Top of Dataset extract
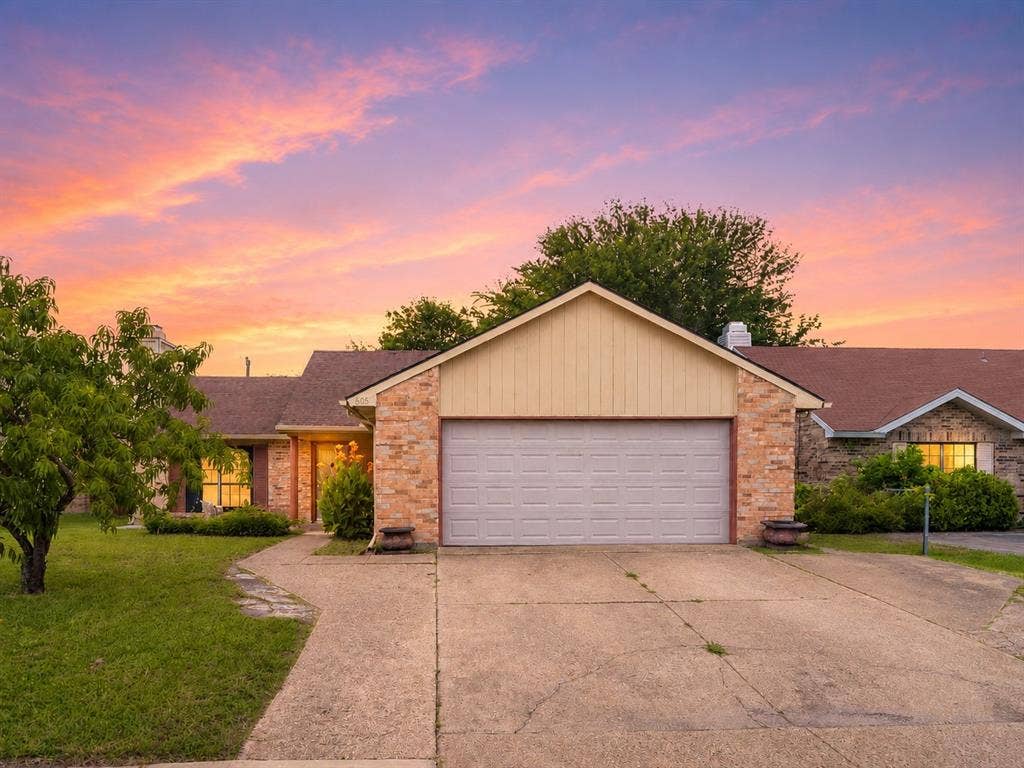 Single-story exterior featuring a brick facade, vertical siding, an attached two-car garage, and concrete driveway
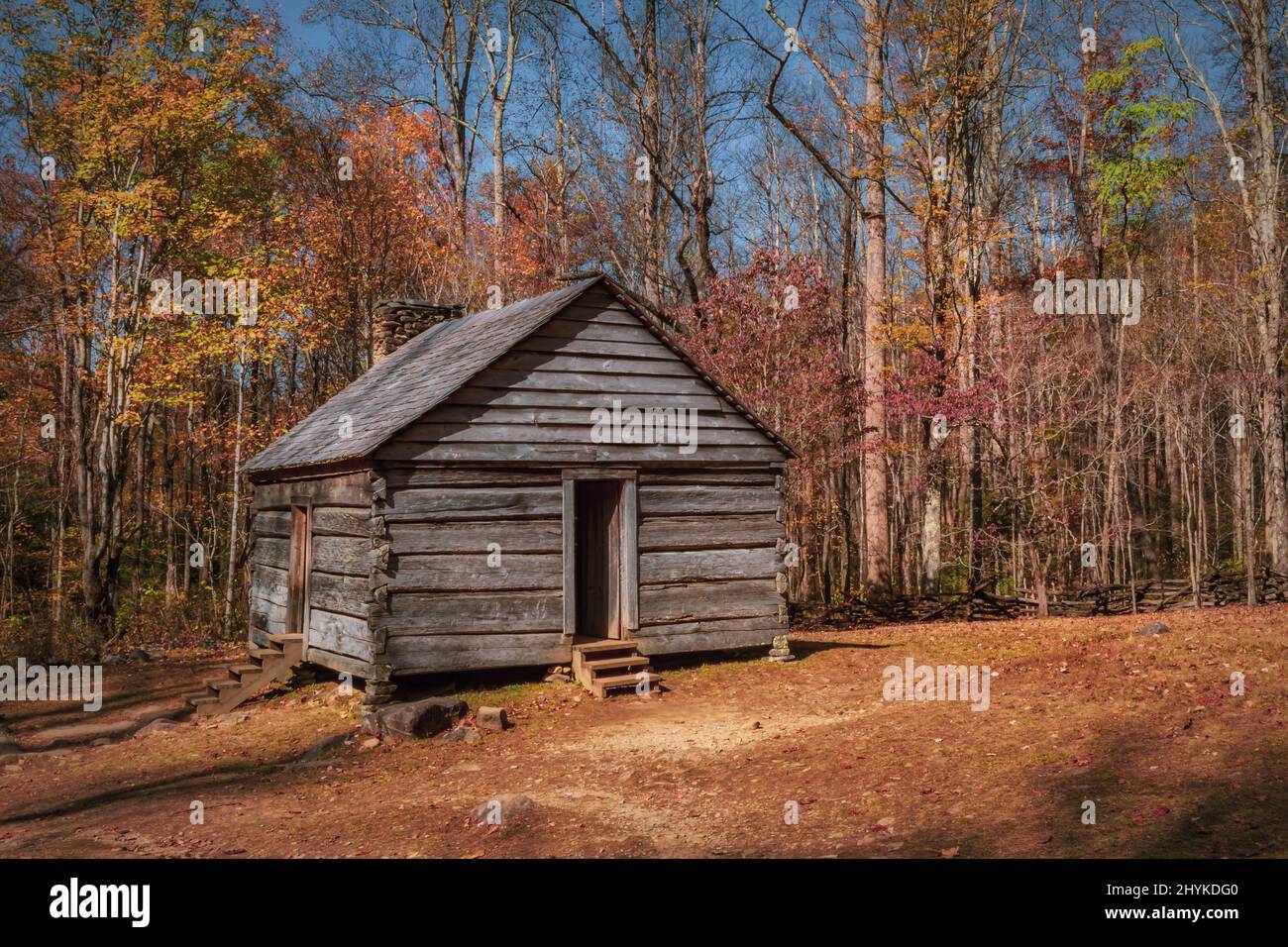 Old wooden cottage against the autumn forest Stock Photo - Alamy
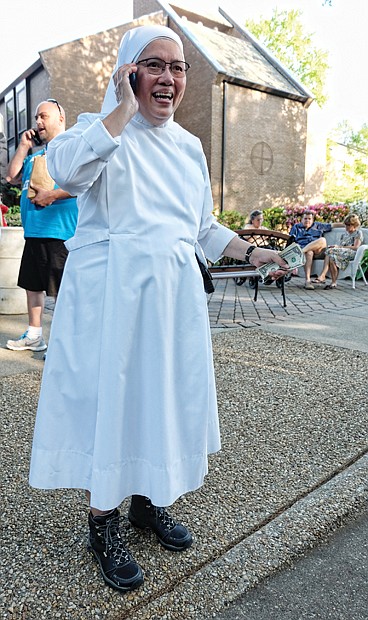 Ooh la la // Sister Rose Marie, dressed in her habit and high-top hiking boots, talks on the phone after accepting a donation at the French Food Festival last Saturday at the Little Sisters of the Poor on Michaels Road in Henrico County.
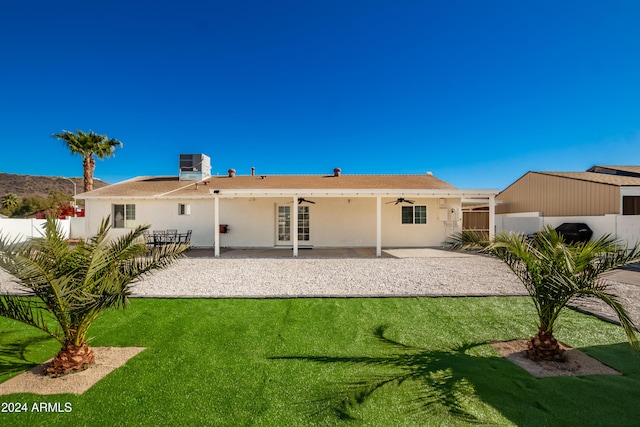 rear view of house featuring a lawn, ceiling fan, a patio, and central AC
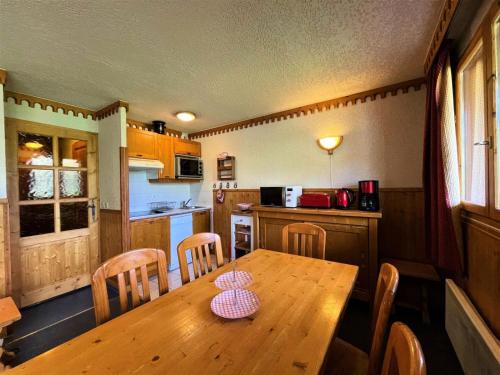 une cuisine avec une table et des chaises en bois dans l'établissement Résidence Bosson - Appartement 6 personnes ski aux pieds MAE-4584, aux Menuires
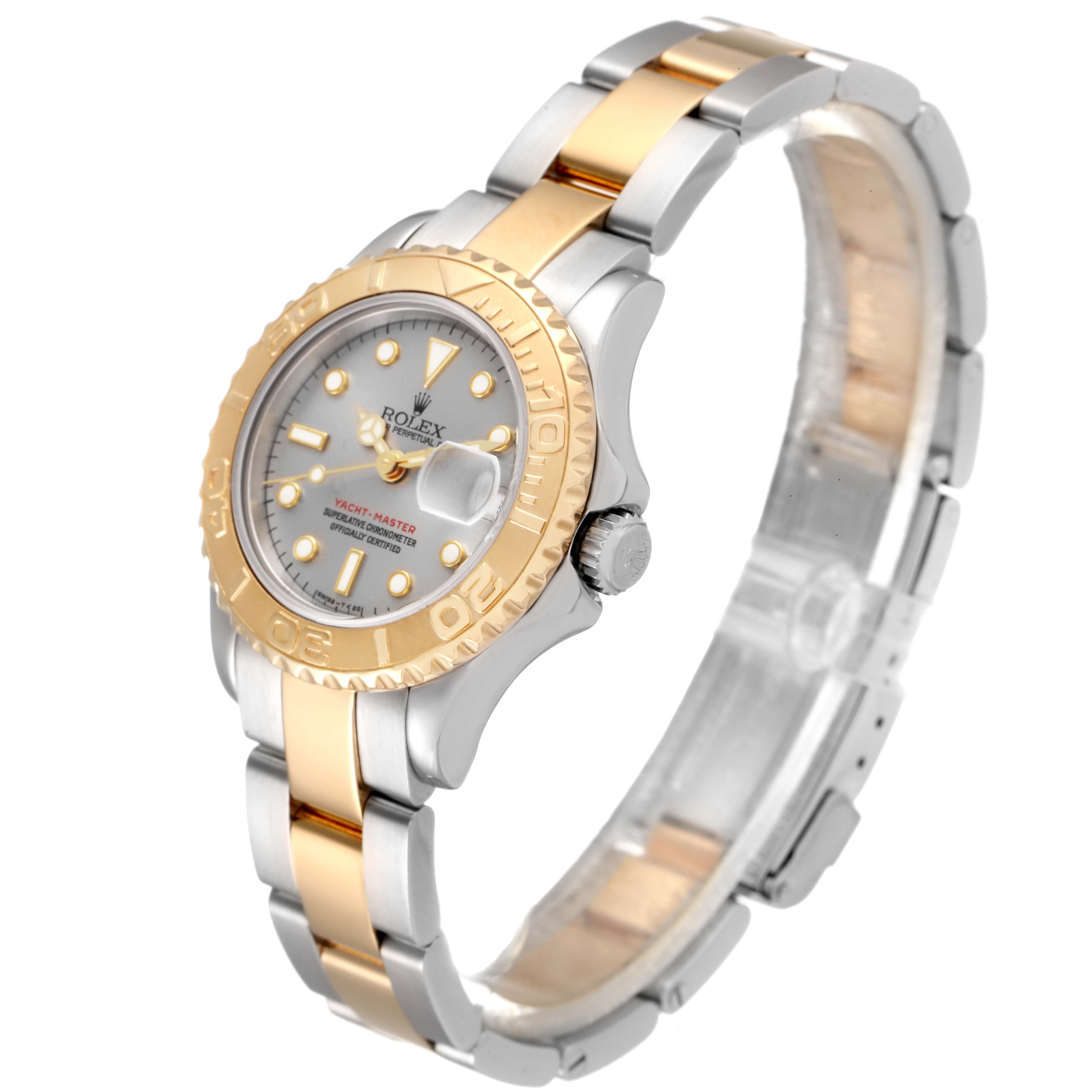 The Yacht-Master Rolex watch is shown from a three-quarter angle, highlighting the face, bezel, and two-tone bracelet.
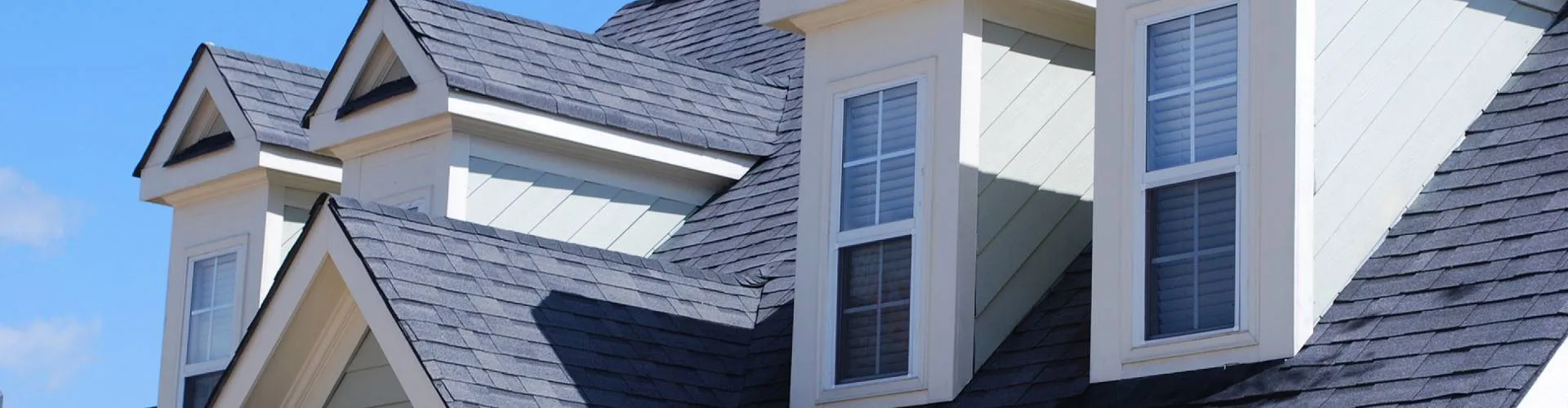 Grey shingle roof with dormer windows under a blue sky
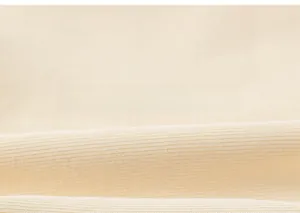 Macro shot of cream ribbed knit fabric texture for kids leggings with soft elastic feel
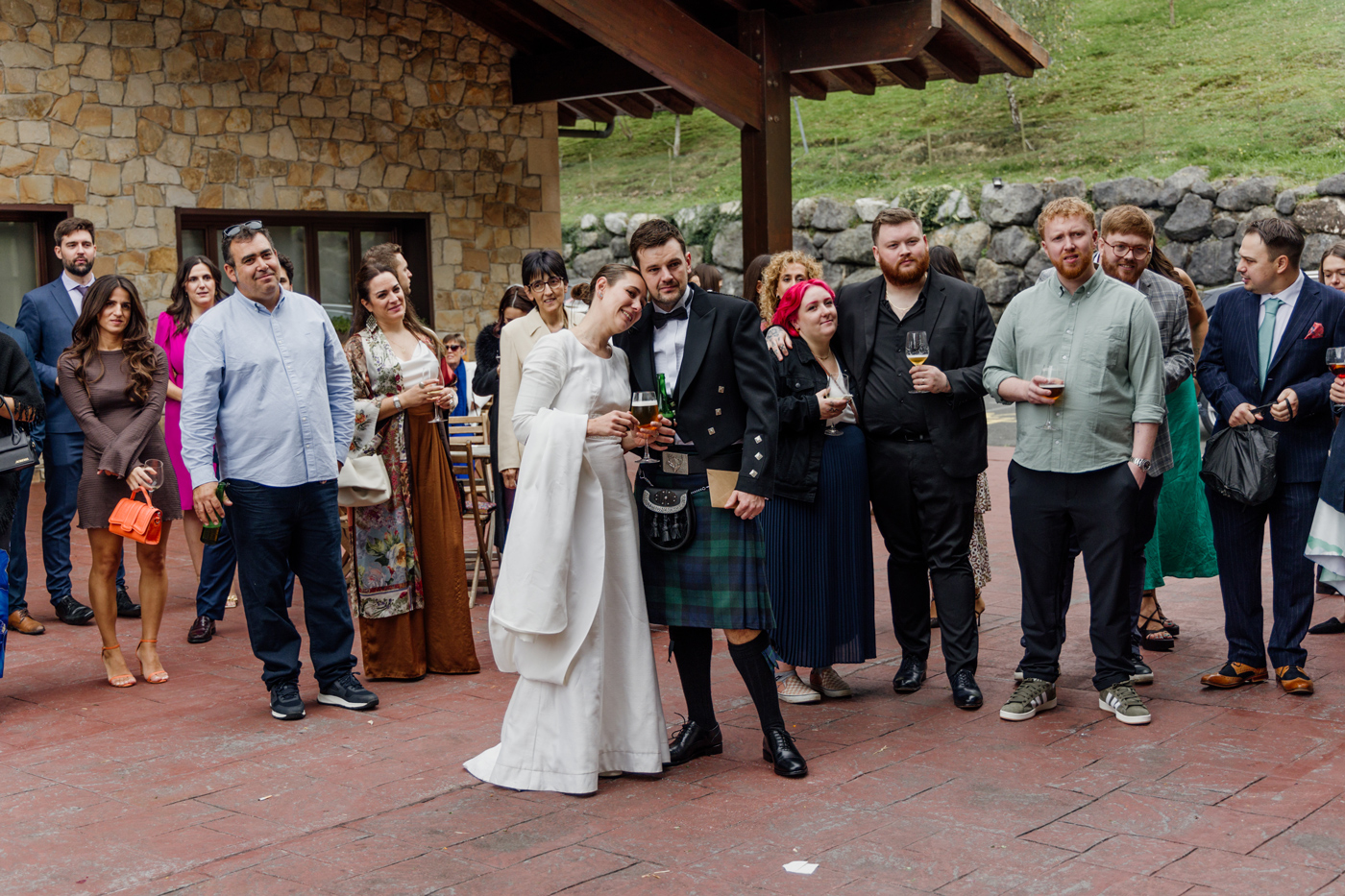 Invitados y pareja de recién casados disfrutando del cóctel al aire libre en un espacio rústico de piedra.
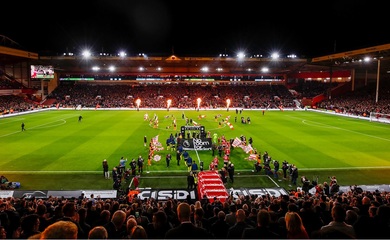 Football players on pitch at stadium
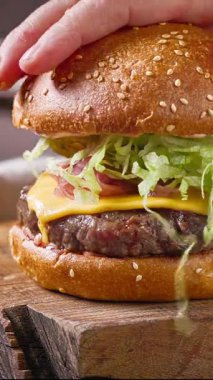 Aşçı, ahşap kesme tahtasına lezzetli çizburger yapmak için ızgara burgerin üzerine doğranmış marul koydu.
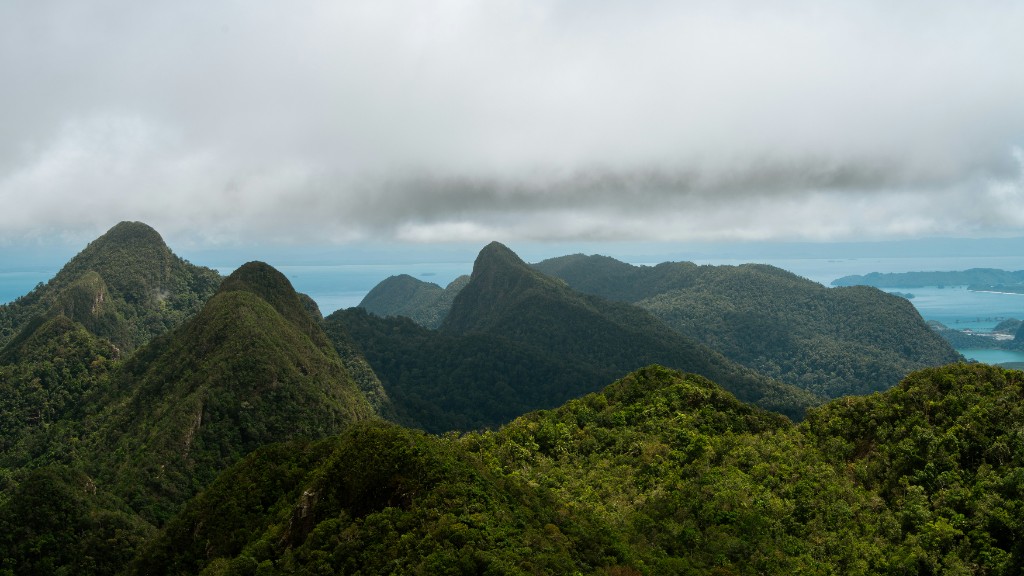 Mist-covered forested limestone peaks of Langkawi UNESCO Geopark with the Andaman Sea and distant islands beyond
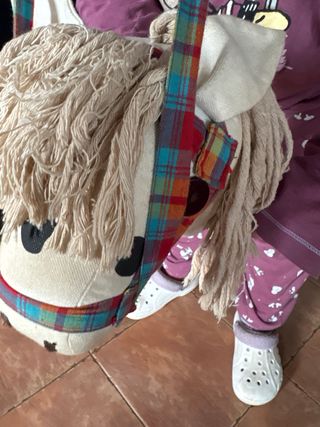 pareja Caballitos de madera con arnés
Bottom of Dataset extract
What the task asks
Reproduce verbatim the lines of the material above, beginning with its first line and ending with the line that contains "Old wooden cottage"; skip pictures.

Final answer
 Single-story exterior featuring a brick facade, vertical siding, an attached two-car garage, and concrete driveway
 Old wooden cottage against the autumn forest Stock Photo - Alamy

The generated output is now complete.